File Backup Storage with Btrfs Snapshots

The Linux kernel 3.6 finally added a feature to btrfs which I needed to easily implement a snapshot file backup storage. This feature will be automatically enabled if the backup storage path points to a btrfs file system and btrfs supports cross-sub-volume reflinks.

A backup with snapshots works like this:

  • Every file backup is put into a separate sub-volume, i.e., a file backup with a name like “121102-1010” is not a normal folder any more. It is a sub-volume in the btrfs file system.
  • Btrfs can make snapshots of sub-volumes. On an incremental backup UrBackup creates a snapshot with the usual name like “121102-2210”. The snapshot has the contents of the last file backup. This snapshot operation is very fast, because no files have to be copied or file entries created. Btrfs does not internally create another copy of the file tree. It only creates copies of parts that we change in the future.
  • UrBackup deletes all the files in the snapshot that have changed or have been deleted since the last backup.
  • Then UrBackup loads the files that have changed or are new. If a file was changed UrBackup only writes changed parts of the file causing btrfs to only save the blocks in the file that are actually different.
  • Once the backup has to be removed UrBackup simply deletes the whole sub-volume.
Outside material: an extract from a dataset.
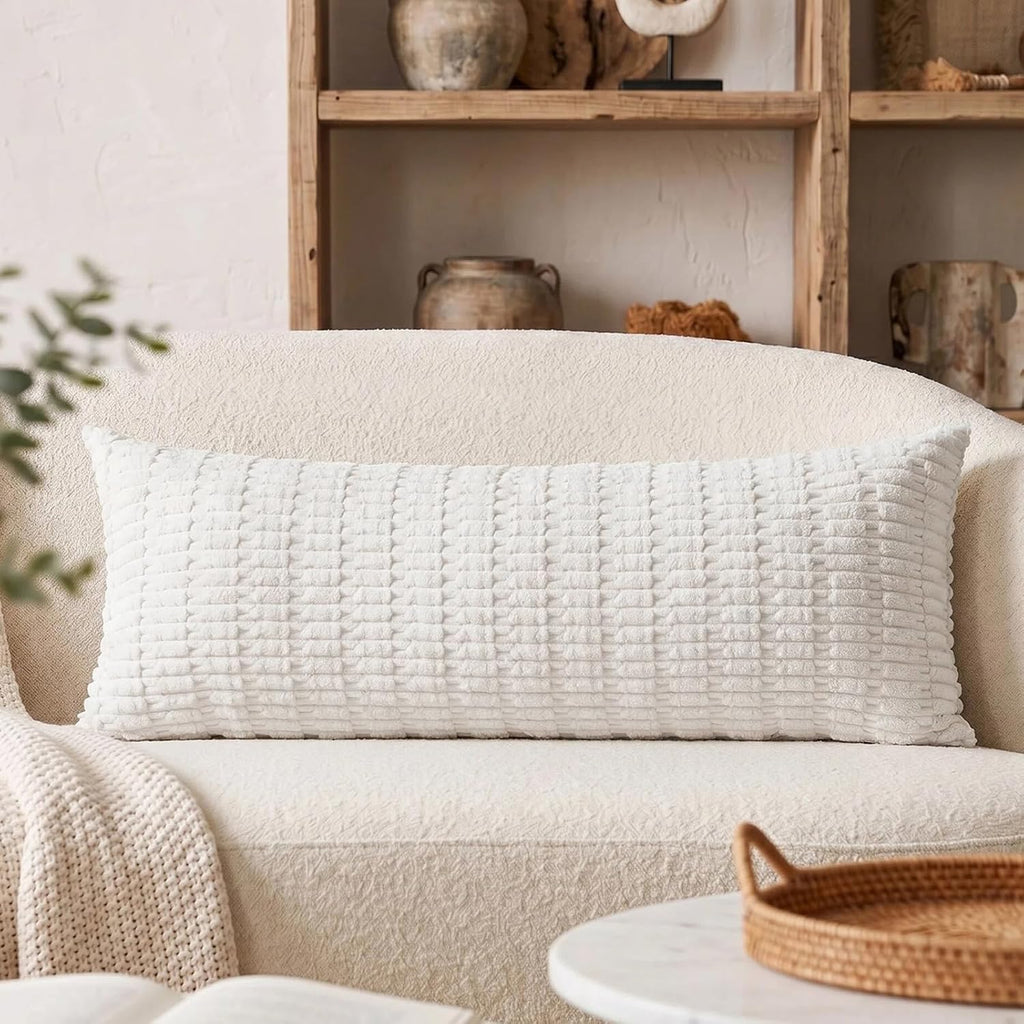 Fancy Homi Decorative Throw Pillow Covers for Bed Couch Bedroom Bench, Soft Corduroy Solid Pillow Case, Rustic Farmhouse Boho Room…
This has several advantages:

  • Snapshot creation is very fast, causing faster incremental backups.
  • Deleting the file backups is way faster because not every file has to be deleted.
  • Only data that has changed in files between incremental backups is stored in the file system. This drastically reduces the storage requirements, e.g, for large database files.

The cross-device reflinks enable UrBackup to store same files which occur on different sub-volumes only once. On other filesystems this is done using hard links, but those only work on the same file system. Because the Linux kernel sees the sub-volume as a different file system the cross-device reflinks have to be used. There is no disadvantage in using them instead of hard links.